Linzer also highlighted a particularly glaring case in which Clarence Aaron, a black man serving three life sentences for cocaine distribution who had no prior record, was turned down for a pardon even though the prosecutor and the judge supported commuting his sentence. Ronald Rogers, the pardon attorney who just lost his job, left out their recommendations in advising the White House to turn Aaron down. After another investigation, the inspector general for the Justice Department found Rogers had misrepresented the case without input from anyone more senior at the DOJ.
Obama finally pardoned Aaron last December, but the fact that Rogers stayed in office until this week is one measure of how reluctant the president has been to take on the larger breakdown in the pardoning system. Perhaps the idea was that if Obama hardly pardoned anyone, he couldn’t be accused of pardoning unfairly. Reagan and Clinton granted 1 in 100 pardon applications. Under George W. Bush, the rate fell to 1 in 1,000. In May 2012, the rate for Obama was 1 in 5,000. That’s partly because the number of applicants has risen with the prison population. But it’s also because Obama has played it so safe. Even with increasing bipartisan consensus that federal drug sentences have become too draconian and costly, the sad fact is that there’s always a political case to be made against letting people out of prison.
But now that Rogers is gone, Cole is talking not just about making more pardons, but also about addressing “older, stringent punishments that are out of line with sentences imposed under today’s laws.” He described surveying all 215,000 federal inmates as a means to identify applicants, and he has written to the 93 U.S. attorneys for recommendations. Even more promising, reform-minded groups like the ACLU, the American Bar Association, and Families Against Mandatory Minimums would play a direct role, recruiting and training lawyers to use the completed surveys to screen for eligible applicants.
Still, the pardon process is inevitably tricky and technical, and the devil is in the details. According to the Washington Post, here are the criteria for a pardon Cole laid out:
Offenders seeking clemency will have to have served at least 10 years of their sentence, have no significant criminal history, and no connection to gangs, cartels or organized crime. Applicants also must be inmates who probably would have received a “substantially lower sentence” if convicted of the same offense today. And to be eligible, they must have demonstrated good conduct in prison.
This sounds like the swing Holder took last summer at harsh sentencing, when he directed federal prosecutors to stop specifying the quantity of drugs for certain offenders so as to avoid triggering a mandatory minimum sentence. Then as now, it’s not clear how a grand pronouncement plays out on the ground. Traditionally, pardons have often turned on whether prisoners significantly cooperated with the prosecution, were seriously ill or elderly, or simply serving an unduly severe sentence. The key limiting factor on Cole’s new list of standards is the requirement that a prisoner would have done much less time if sentenced today. That could be a narrow category: drug offenders sentenced to long terms before the Fair Sentencing Act of 2010, which reduced the disparity between sentences for crack and powder cocaine.

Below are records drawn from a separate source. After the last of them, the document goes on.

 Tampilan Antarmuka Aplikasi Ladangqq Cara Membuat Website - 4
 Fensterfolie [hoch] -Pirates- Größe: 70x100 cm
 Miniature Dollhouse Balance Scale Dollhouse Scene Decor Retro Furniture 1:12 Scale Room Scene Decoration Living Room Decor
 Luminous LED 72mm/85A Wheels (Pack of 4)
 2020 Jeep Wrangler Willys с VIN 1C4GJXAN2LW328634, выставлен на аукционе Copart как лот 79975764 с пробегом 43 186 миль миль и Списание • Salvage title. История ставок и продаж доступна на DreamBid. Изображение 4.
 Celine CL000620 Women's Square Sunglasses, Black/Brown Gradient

If that’s all the proposed reform adds up to, it’s too minor a tweak to the system. It might not even address some of the most sympathetic cases—people who say they played unknowing or peripheral roles in a larger drug ring. People like Stephanie George, who said she didn’t know about the lockbox full of cocaine her boyfriend had hidden in her attic. The judge in her case 17 years ago said he had no choice but to sentence her to life, even though he saw her as “a girlfriend and bag holder and money holder but not actively involved in the drug dealing.”

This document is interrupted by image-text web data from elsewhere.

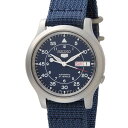 超得P5 ポイント5倍セール セイコー5 SEIKO5 腕時計 時計 メンズ ミリタリー ブルー SEIKO SNK807K2 セイコーファイブ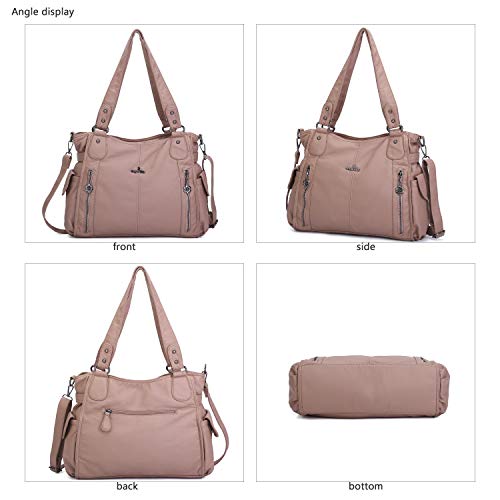 Angelkiss Pink Women's VIP Shoulder Bag with Multiple Pockets
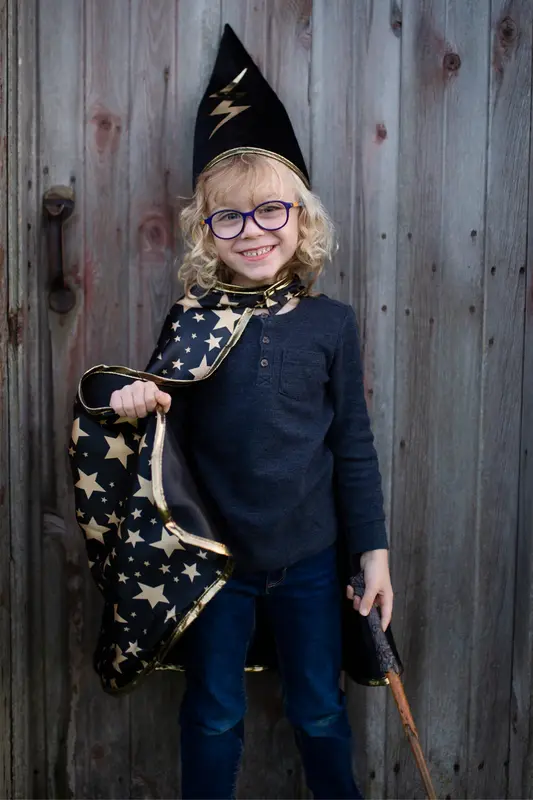 Great Pretenders Reversible Wizard Cape & Hat Size 4-6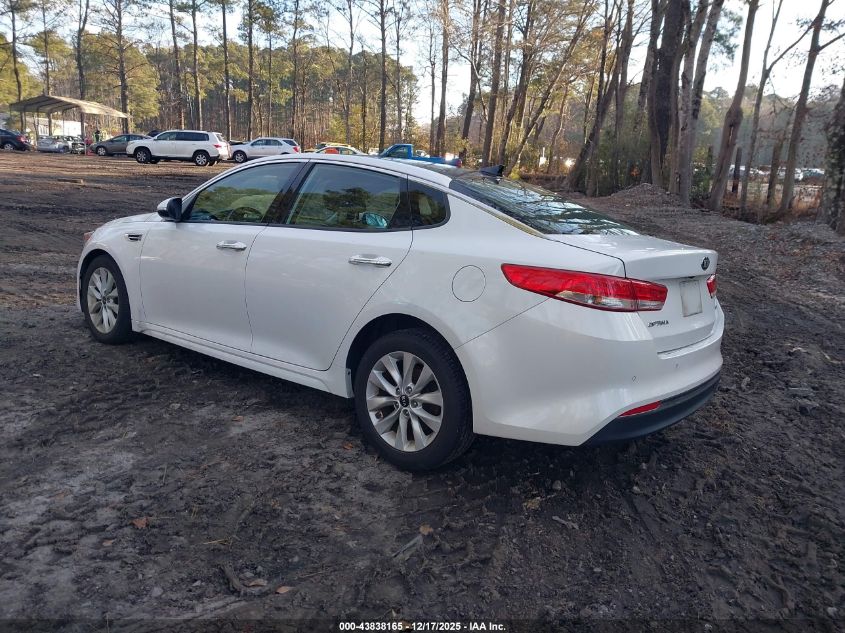 2016 Kia Optima Ex VIN: 5XXGU4L32GG106801 Lot: 43838165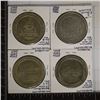 Image 2 : 4-$1 METAL CASINO GAMING TOKENS: TREASURE BAY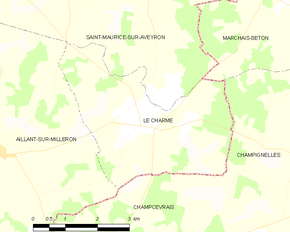 Poziția localității Le Charme
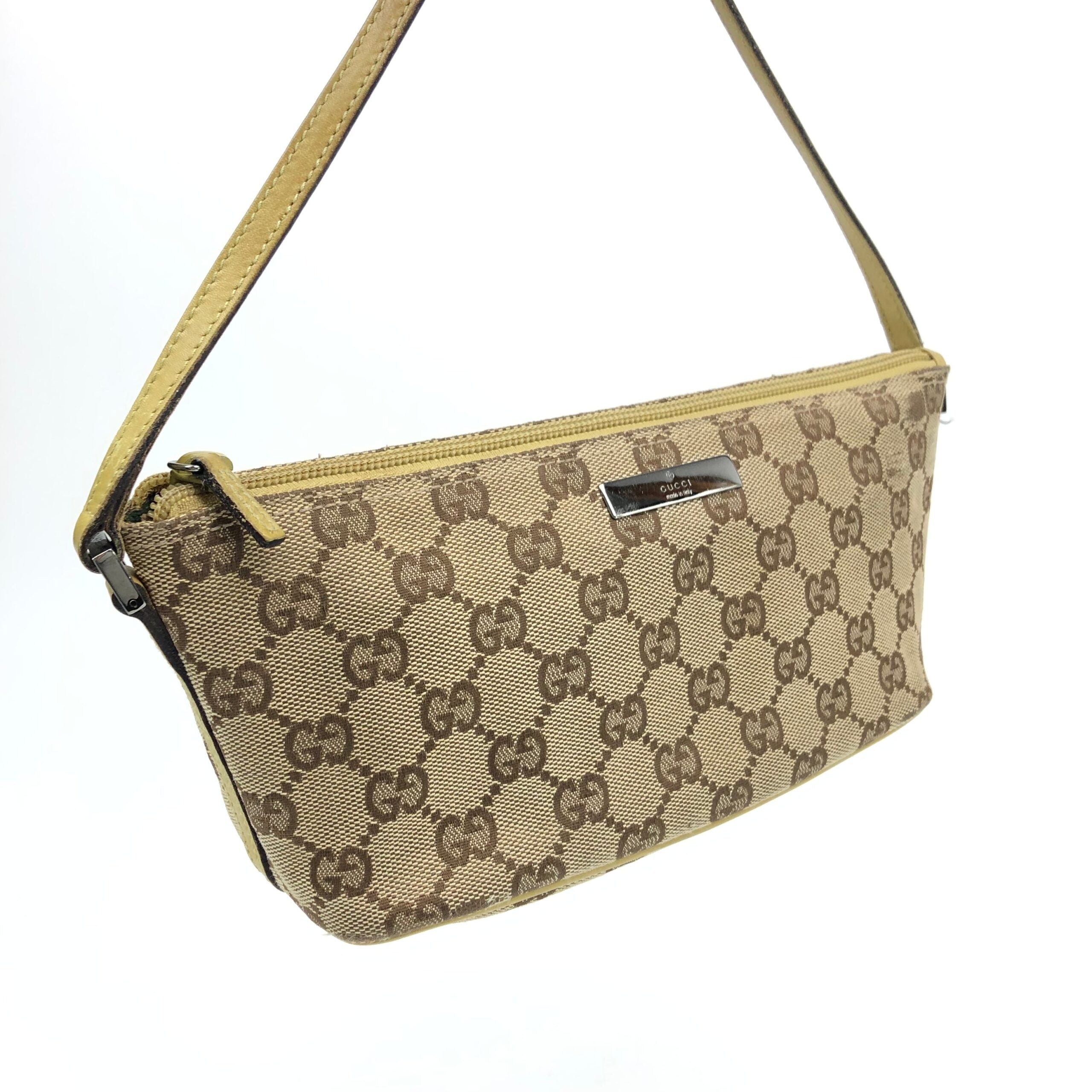 GUCCI MONOGRAM SHOULDER BAG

In her excellent 2012 article, Love outlines a three-legged stool of comprehensive reform of the pardon power. First, the process needs clear standards, with reasoned explanations of why an application is granted. Second, whoever is in charge has to have independence from the Justice Department, real authority, and the confidence of the president. Third, the pardon process “must be accessible and responsive to people of all walks of life, and take into account the likelihood that many deserving pardon applicants will not have skilled counsel or well-connected supporters to advocate on their behalf.” In other words, the system for clemency has to be fair. For everyone—not just the prisoners sentenced under the single unduly harsh law Congress has so far seen fit to change.